昨年末、羽生は複雑な胸中を打ち明けた。「率直に言うと、五輪のことを考えている場合じゃない」。1年後の北京へ、スケーターの1人としては「競技の最終目標として開催してもらいたいし、出て優勝したい思いは、もちろんある」と語ったものの「ただ、東京(夏季五輪)すら開催されていない現実がある。個人的には『北京五輪を考えてはいけない』というリミッターが掛かっていて、シャットダウンしている」との表現で明言を避けた。慎重に情勢を見極める構えだ。
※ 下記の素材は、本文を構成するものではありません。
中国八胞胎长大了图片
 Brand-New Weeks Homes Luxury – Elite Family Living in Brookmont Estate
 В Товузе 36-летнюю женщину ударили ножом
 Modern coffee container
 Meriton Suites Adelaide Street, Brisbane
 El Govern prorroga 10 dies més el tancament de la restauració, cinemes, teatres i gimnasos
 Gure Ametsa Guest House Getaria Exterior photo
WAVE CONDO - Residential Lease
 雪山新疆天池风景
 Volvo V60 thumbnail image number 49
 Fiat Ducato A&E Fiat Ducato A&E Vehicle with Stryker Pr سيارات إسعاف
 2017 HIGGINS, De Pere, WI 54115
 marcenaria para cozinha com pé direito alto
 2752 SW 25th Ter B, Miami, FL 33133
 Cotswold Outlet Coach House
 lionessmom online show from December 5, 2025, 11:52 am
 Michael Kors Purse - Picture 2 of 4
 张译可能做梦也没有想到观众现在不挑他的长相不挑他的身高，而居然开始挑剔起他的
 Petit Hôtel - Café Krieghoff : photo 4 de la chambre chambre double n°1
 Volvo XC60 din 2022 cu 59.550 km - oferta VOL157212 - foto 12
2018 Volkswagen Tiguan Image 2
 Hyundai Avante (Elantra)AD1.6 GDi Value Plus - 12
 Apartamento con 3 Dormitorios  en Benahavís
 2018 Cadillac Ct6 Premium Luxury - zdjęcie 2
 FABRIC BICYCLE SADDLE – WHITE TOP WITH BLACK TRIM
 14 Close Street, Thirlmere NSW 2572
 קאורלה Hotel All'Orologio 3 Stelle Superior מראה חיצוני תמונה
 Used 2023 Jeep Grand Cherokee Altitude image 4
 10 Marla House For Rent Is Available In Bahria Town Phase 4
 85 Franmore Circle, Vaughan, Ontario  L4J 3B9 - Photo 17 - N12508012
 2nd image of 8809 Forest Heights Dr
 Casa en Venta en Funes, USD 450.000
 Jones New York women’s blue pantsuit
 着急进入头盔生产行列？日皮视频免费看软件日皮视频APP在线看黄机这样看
昨年は拠点のカナダに戻れず、コーチ不在の国内調整を余儀なくされていた。感染拡大を防ぐため、グランプリ(GP)シリーズもシニア11季目にして初欠場。世相も暗かった。「1人だけ取り残され、暗闇の底に落ちる感覚だった。好きなスケートをすることにも罪悪感があった。疲れたな。もうやめようかな」。得意のトリプルアクセル(3回転半)すら跳べなくなっていた。

だが、被災地へ届けてきた「春よ、来い」を舞った時、立ち直れた。自身も仙台市で避難所生活を送った東日本大震災。10年の節目を前に「やっぱスケート好きだな」と前を向き、昨年12月の全日本選手権を制した。今は五輪への思いを封印するが、来月の世界選手権には備える。こちらは明快で「つかみ取りたい光」として出場を熱望した大会だ。最大3枠の五輪出場権確保へ「日本代表として全力で役割を全うしたい」とも宣言。成果と同時に、前人未到のクワッドアクセル(4回転半)挑戦のゆくえも注目される。【木下淳】

宇野昌磨(23=トヨタ自動車) 前回の銀メダリストは20年からスイスに拠点を変更。3月の世界選手権(ストックホルム)へ「五輪の枠が懸かる。今年は特に大事」。

鍵山優真(17=星槎国際高横浜) 昨季はジュニアながら全日本選手権と4大陸選手権で3位。今季はNHK杯で初優勝した。父正和コーチは五輪2大会出場。父子の夢舞台では「メダルが目標」。